SOURCE DATA section start

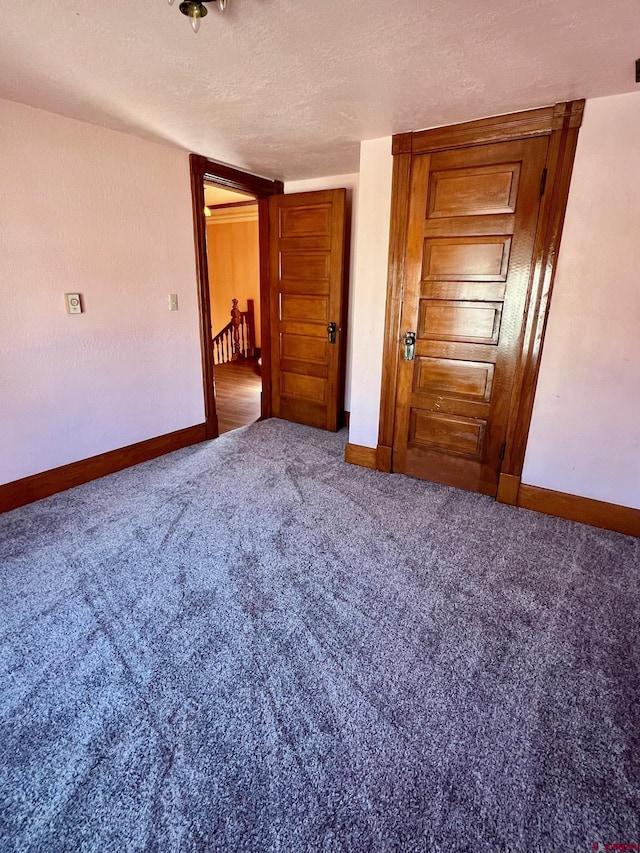 unfurnished bedroom with carpet, a textured ceiling, and baseboards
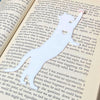 Fun cat bookmark with a hanging paw and pink toe beans. Bookmark shown in  
 white.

SOURCE DATA section end

Everything in the data above gets copied exactly. Only the pictures are skipped.

SOLUTION TO THE PROBLEM:
 unfurnished bedroom with carpet, a textured ceiling, and baseboards
 Fun cat bookmark with a hanging paw and pink toe beans. Bookmark shown in  
 white.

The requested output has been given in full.